Michael Perelman, an economist who publishes in Challenge, Jeff Madrick’s magazine, reprises an article by David Yermack, Flights of Fancy. It was about the increment of talent getting at little relief from their terrifying work loads and the non-stop brilliance in their heads by being able to relax at their favorite golf courses. Unlike your children’s shoe store, many of them work for corporations that are more than delighted to roll out the private corporate jet, so they can take their incrementally more talented asses to places where they would be appreciated as good putters, too:

Yermack’s paper reported that “more than 30 percent of Fortune 500 CEOs in 2002 were permitted to use company planes for personal travel, up from a frequency below 10 percent a decade earlier.” Since Yermack’s study, the problem has continued to escalate. Between 2004 and 2005, the reported value of personal use of corporate aircraft increased 45 percent, according to government filings of the 100 largest public companies (Fabrikant 2006).

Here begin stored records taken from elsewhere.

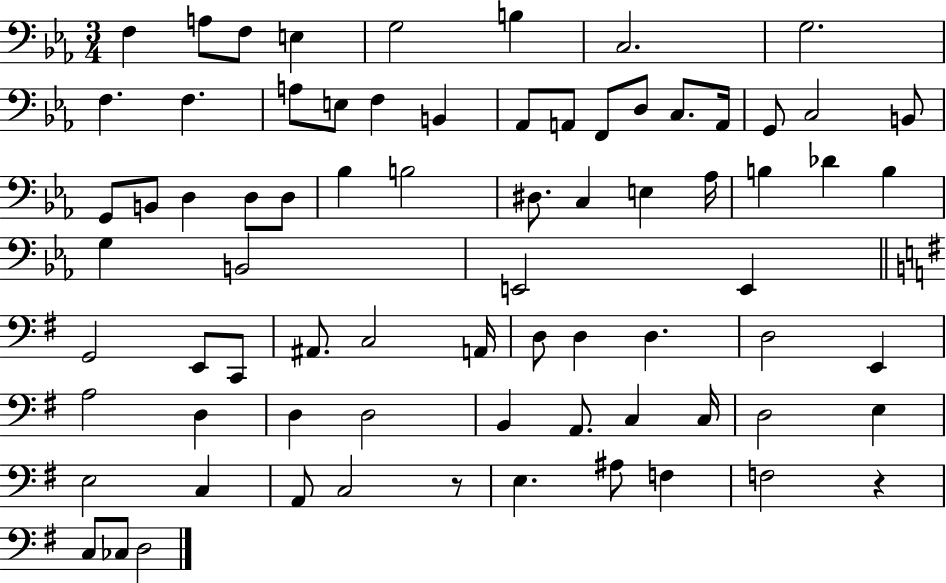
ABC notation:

X:1
T:Untitled
M:3/4
L:1/4
K:Eb
F, A,/2 F,/2 E, G,2 B, C,2 G,2 F, F, A,/2 E,/2 F, B,, _A,,/2 A,,/2 F,,/2 D,/2 C,/2 A,,/4 G,,/2 C,2 B,,/2 G,,/2 B,,/2 D, D,/2 D,/2 _B, B,2 ^D,/2 C, E, _A,/4 B, _D B, G, B,,2 E,,2 E,, G,,2 E,,/2 C,,/2 ^A,,/2 C,2 A,,/4 D,/2 D, D, D,2 E,, A,2 D, D, D,2 B,, A,,/2 C, C,/4 D,2 E, E,2 C, A,,/2 C,2 z/2 E, ^A,/2 F, F,2 z C,/2 _C,/2 D,2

Not surprisingly, Raghuram Rajan, the chief economist of the International Monetary Fund, gallantly came to the defense of the corporations. He suggested, without the slightest hint of humor, that these expenditures may have actually been justified because they encouraged executives to be more efficient (Rajan and Wulf 2004). This justification does not seem particularly credible since Rajan’s study did not bother to distinguish between planes used for business or personal purposes, including use by retired executives.

In fact, the personal use of corporate jets does not seem to be correlated with profitability at all. Of course, some of the firms that supply their executives with corporate jets for personal use are successful, despite such wasteful excesses, but the use of corporate jets is correlated with poor performance. According to Yermack: “Firms that permit personal aircraft use by the CEO under﷓perform market benchmarks by about 4 percent or 400 basis points per year, after controlling for a standard range of risk, size and other factors” (Yermack 2004).”

But never fear – such cruel barbs do not penetrate the establishment, which is just sure that a man making, say, 40 million in compensation per is a mighty, mighty hard worker – 99 percent perspiration, these guys.

Myself, I’m not absolutely convinced about the level of brightness of our oligarchy, in spite of Frank’s vision of their increments of talent making the country (although not the average reader of Newsweek) rich. In fact, I think corporations should be taxed at a phenomenally high rate if they pay their management more than some ratio over the lowest salaried worker. Right now, the average is 300 times. I think 9 times, the 70s average, is about right. As for the money saved – it can go to the lucky workers.

How to make sure it goes to the workers? Crush the speculative market in equities. I’m more and more convinced that Theodore Roosevelt was right – the price of a share of stock should have a one to one ratio with the assets of the company. No more. If you want to buy and trade stock, it would not be in a word in which “market capitalization” differs so wildly from real value.

1 comment:

Brian said...

But operating a casino is the only thing we know how to do in this country, roger. 'cause you know the corporations would flee en masse for Dubai, or switzerland, or wherever they can continue to play with other people's money.